?Translation isn’t always thought of as a creative process. Some view translation as a simple act of moving already created sentences and phrases from one language to another. Translation is actually much more complex. As a translator, you act as a gateway between two languages, as if you are standing along a border, balancing two worlds. It requires an understanding of the complexities involved in not only the original and translated languages, but also an intimate understanding of the two cultures. Creativity is present, and even necessary, within the process of translation.
Creativity, when defined as “seeing the intersection of seemingly unrelated topics and combining them into something new” (Brian Clark), nearly perfectly defines the life of a translator. Another definition that perhaps fits even snugger proposes that creativity is “starting with nothing and ending up with something. Interpreting something you saw or experienced and processing it so it comes out different than how it went in” (Henry Rollins). Both of these definitions fully ?capture the role and scope of translation.
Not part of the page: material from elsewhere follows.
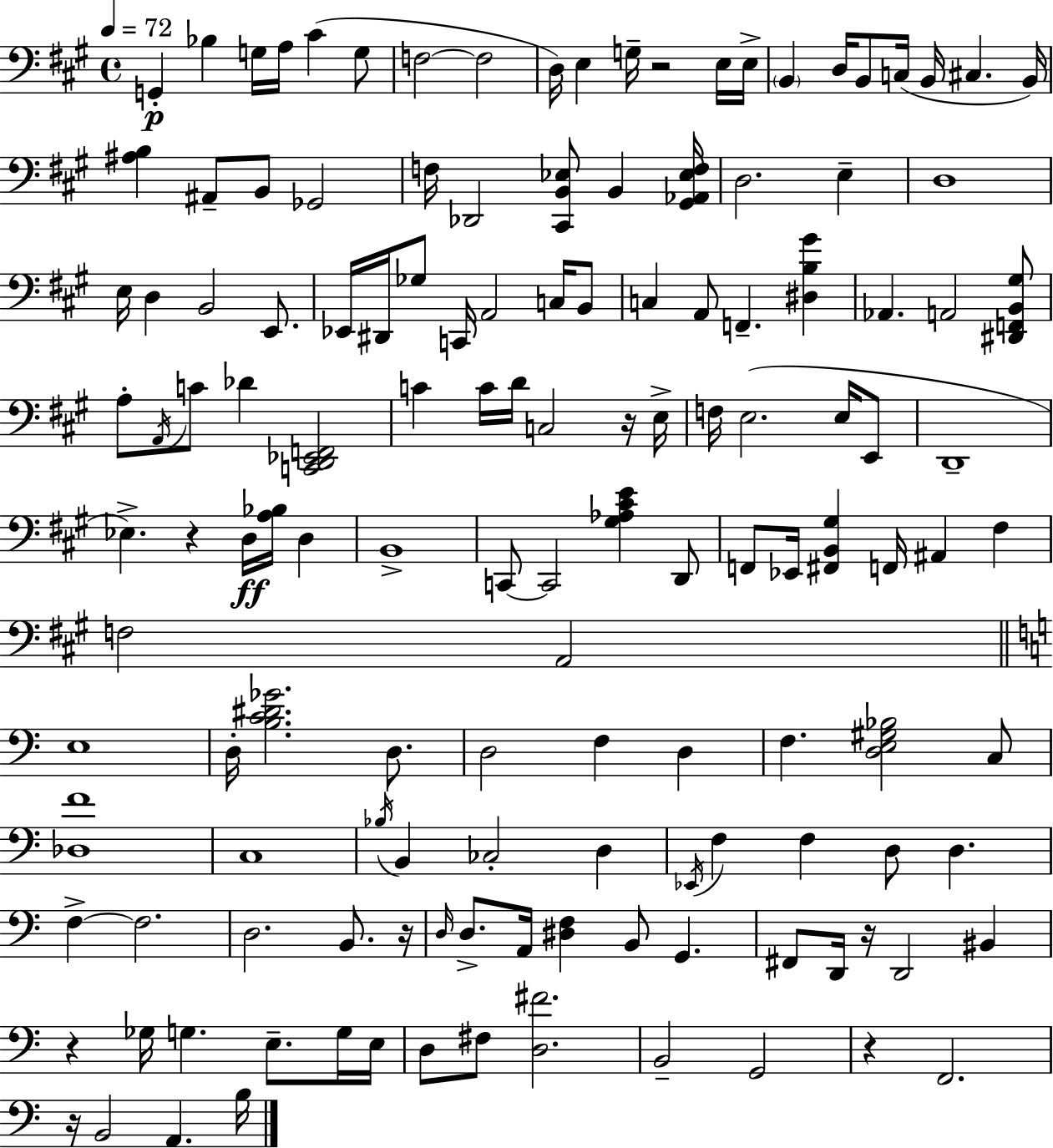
G2/q Bb3/q G3/s A3/s C#4/q G3/e F3/h F3/h D3/s E3/q G3/s R/h E3/s E3/s B2/q D3/s B2/e C3/s B2/s C#3/q. B2/s [A#3,B3]/q A#2/e B2/e Gb2/h F3/s Db2/h [C#2,B2,Eb3]/e B2/q [G#2,Ab2,Eb3,F3]/s D3/h. E3/q D3/w E3/s D3/q B2/h E2/e. Eb2/s D#2/s Gb3/e C2/s A2/h C3/s B2/e C3/q A2/e F2/q. [D#3,B3,G#4]/q Ab2/q. A2/h [D#2,F2,B2,G#3]/e A3/e A2/s C4/e Db4/q [C2,D2,Eb2,F2]/h C4/q C4/s D4/s C3/h R/s E3/s F3/s E3/h. E3/s E2/e D2/w Eb3/q. R/q D3/s [A3,Bb3]/s D3/q B2/w C2/e C2/h [G#3,Ab3,C#4,E4]/q D2/e F2/e Eb2/s [F#2,B2,G#3]/q F2/s A#2/q F#3/q F3/h A2/h E3/w D3/s [B3,C4,D#4,Gb4]/h. D3/e. D3/h F3/q D3/q F3/q. [D3,E3,G#3,Bb3]/h C3/e [Db3,F4]/w C3/w Bb3/s B2/q CES3/h D3/q Eb2/s F3/q F3/q D3/e D3/q. F3/q F3/h. D3/h. B2/e. R/s D3/s D3/e. A2/s [D#3,F3]/q B2/e G2/q. F#2/e D2/s R/s D2/h BIS2/q R/q Gb3/s G3/q. E3/e. G3/s E3/s D3/e F#3/e [D3,F#4]/h. B2/h G2/h R/q F2/h. R/s B2/h A2/q. B3/s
Creativity is sparked in many different areas of the brain. It requires heavy use of the prefrontal cortex, an area responsible for higher level thinking, logic, and cognitive flexibility. However, depending on the type of tasking and creativity you are engaging in will indicate which area will be used. For translators, Broca’s and Wernicke’s areas are more likely to be used in the creative process. Armed with knowledge on the neurobiology of creativity has given researchers and other professionals tools to cultivate it.
How to cultivate creativity?
1. Increasing Curiosity
Curiosity often leads to creativity. Like a developing child that has an innate drive to curiously explore his or her world and creatively provide input back to his or her environment, so too do adults have these needs. By borrowing the wonder of a child, we can use your five senses to explore the world in curiosity, feel the need to creatively input into our world, and thus grow our creativity.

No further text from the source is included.